Cox recently collaborated with the Dauphin Island Sea Lab to explore and collect samples from artificial reefs off the coast of Alabama.
That research focuses on how human-made structures shape the ecology of the northern Gulf of Mexico, and the effects of global environmental change on seagrass bed and artificial reef ecosystems.
Seagrass beds are an important natural resource in the northern Gulf of Mexico, according to Cox. They indirectly support commercial fishing landings, protect shorelines from storm surge and land loss, and capture carbon to buffer climate change, she said.
“Things like seagrass beds help to stabilize sediment and slow wave action, and that prevents land erosion and we have a lot of land loss,” Cox said. “Then things on the reef are food for a lot of fishes that we like to harvest.
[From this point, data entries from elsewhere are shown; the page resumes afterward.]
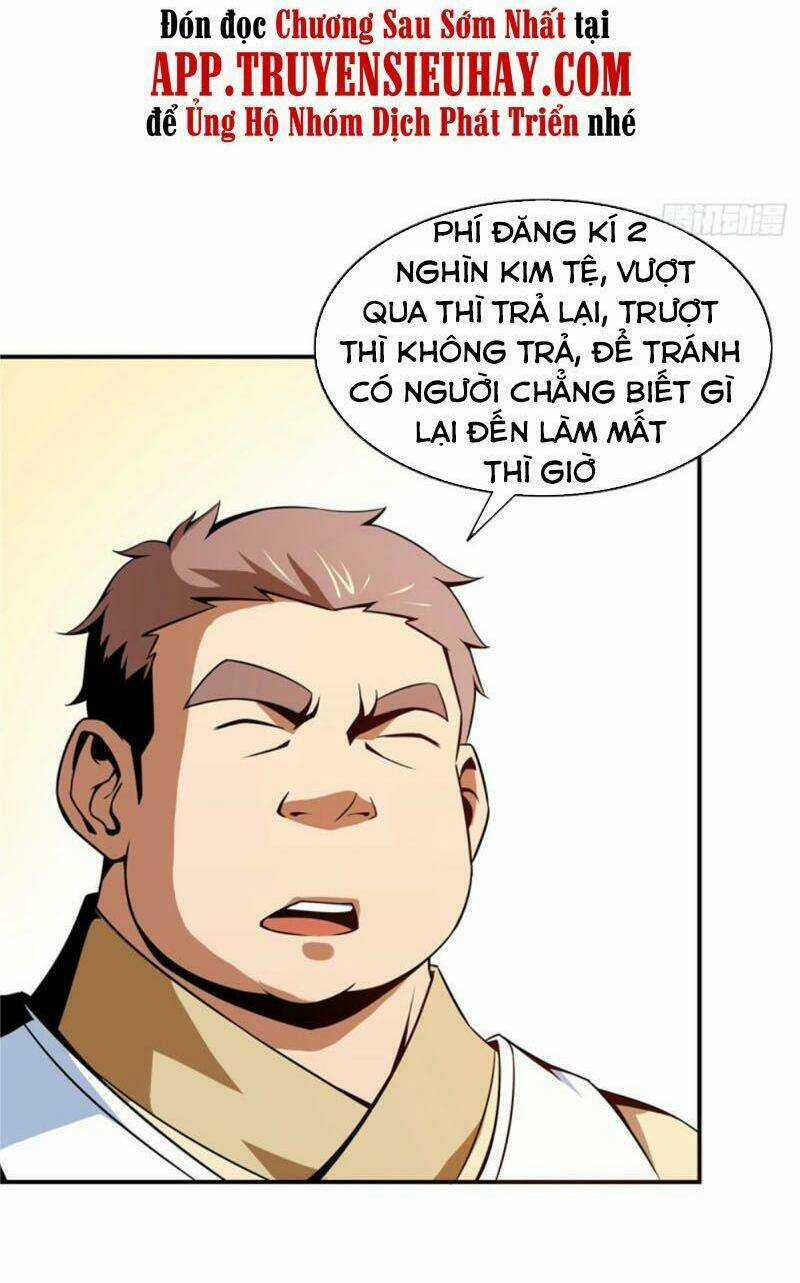 Thiên Đạo Đồ Thư Quán Chapter 56 trang 12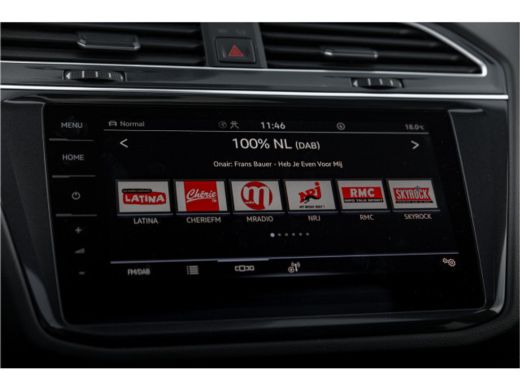 Volkswagen Tiguan 1.4 TSI 245pk eHybrid R-Line | Panoramadak | Trekhaak | Apple Carplay | l SOH 94% l Panoramadak l... ActivLease financial lease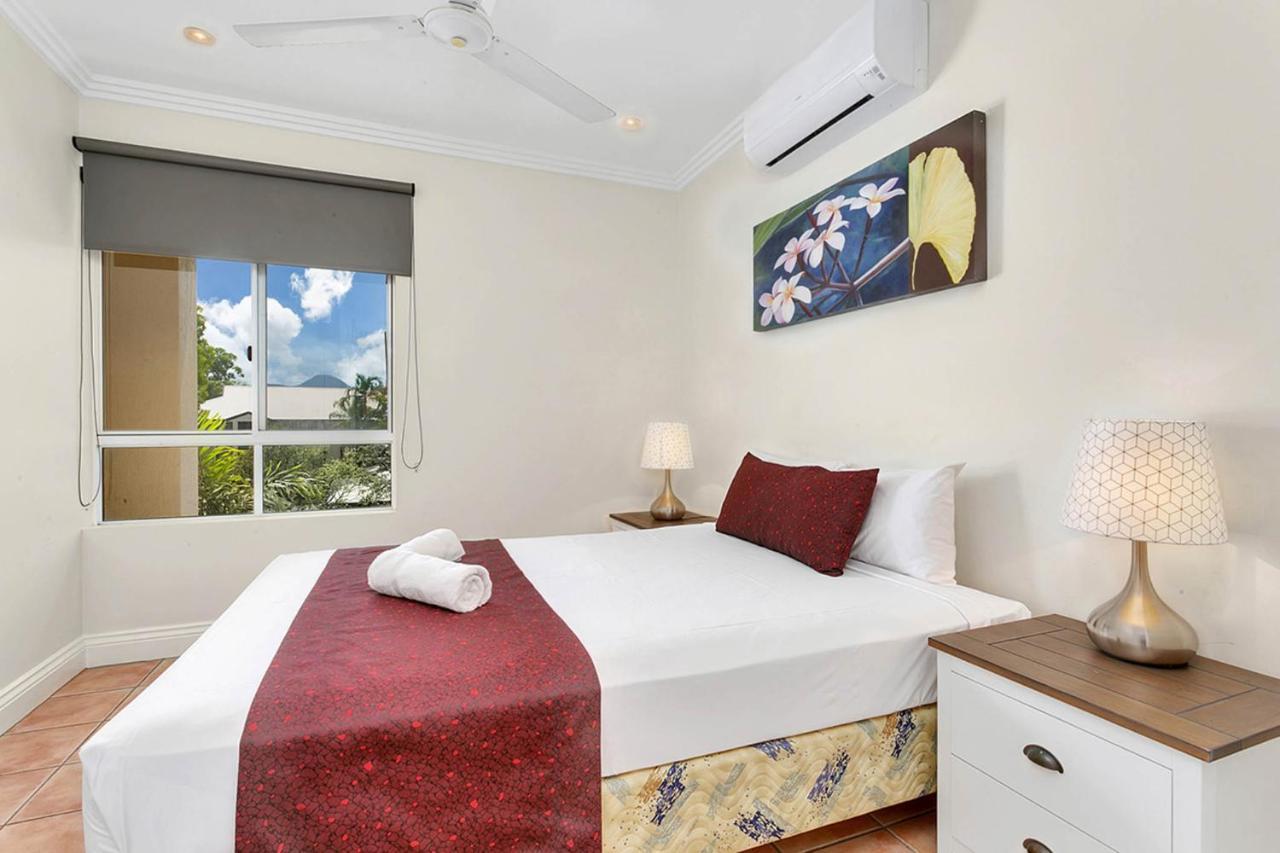 Trinity Links Resort Cairns Bagian luar foto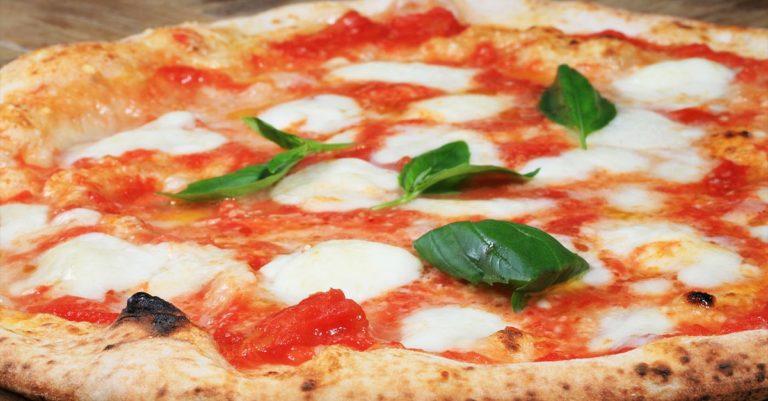 Prova PIzzabar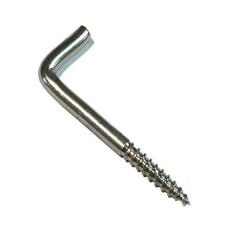 ''L'' Ağaç Vidası Çeşitleri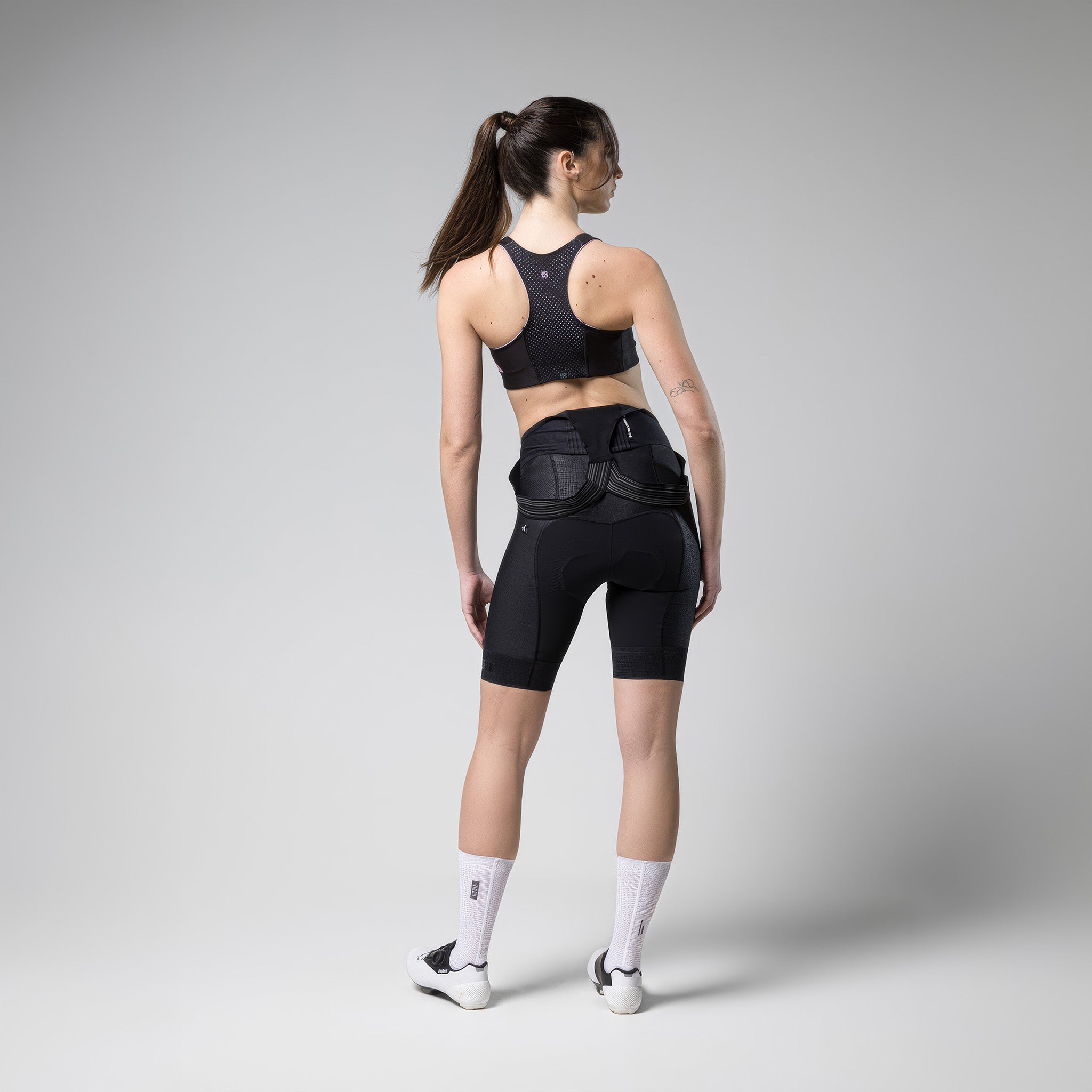 Core Kadın Spor Sütyeni | Moonless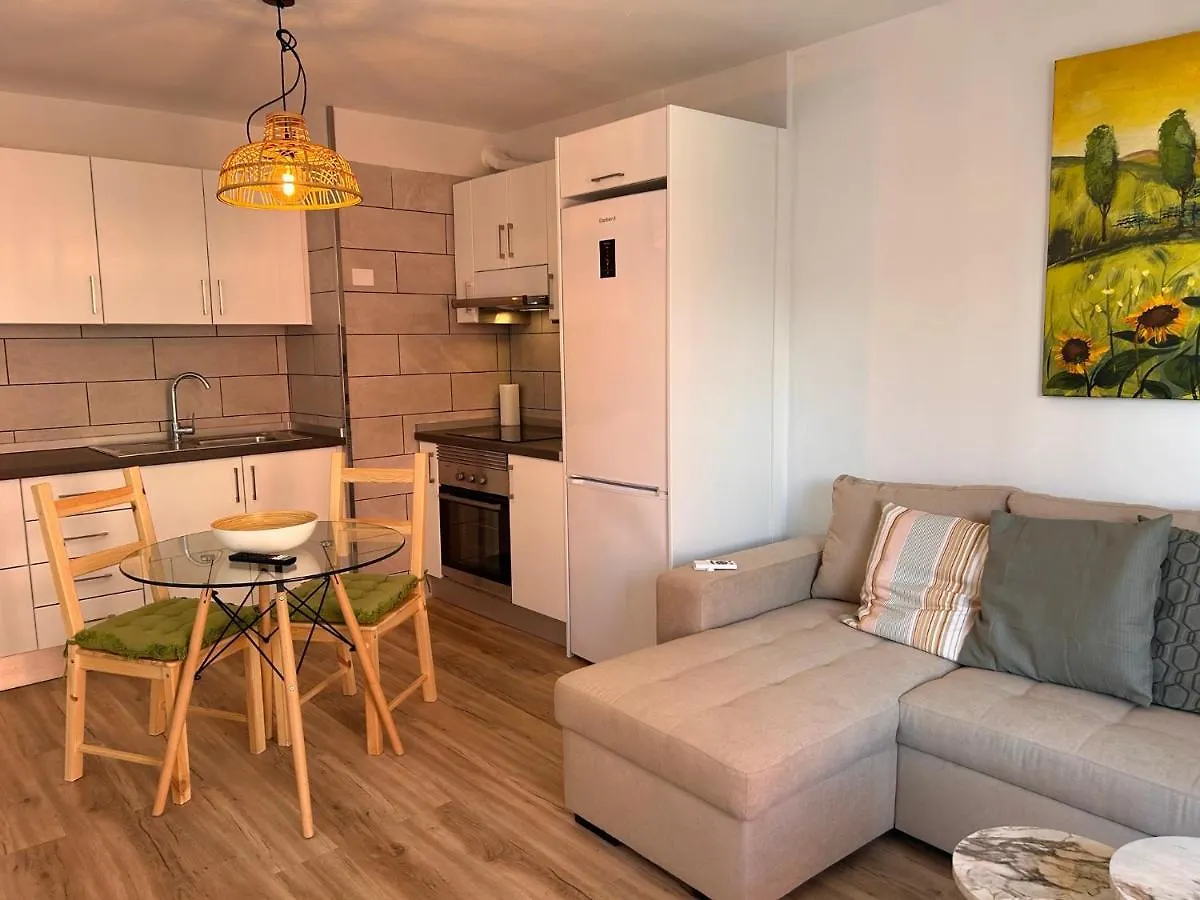 Apartment El Medano Center - Close To The Beach ! Spain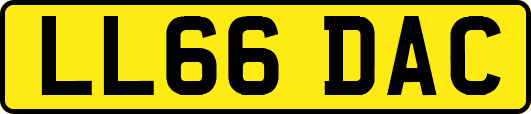 LL66DAC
So, our research is really focusing on managing those ecosystems and protecting those ecosystems and how we can do that.”
Artificial reefs are human-made structures often placed in the ocean to increase fishing opportunities and promote sea life. In the northern Gulf of Mexico, the seafloor is mostly composed of soft sediments. Therefore, artificial surfaces create habitat for invertebrates, such as barnacles, crabs, anemones and algae, that otherwise may not be there, Cox said.
“Our research questions focus on describing primary production on and surrounding reefs and the link to fish production,” Cox said. “Invertebrates are important for trophic transfer of this energy to fishes. Thus, we are also keenly interested in their physiology-ecology under ocean warming and acidification.
“Because reefs could be stepping-stones for species range expansions into warming waters, we also seek to describe the role of reefs in the maintenance and spread of nuisance and vulnerable species.”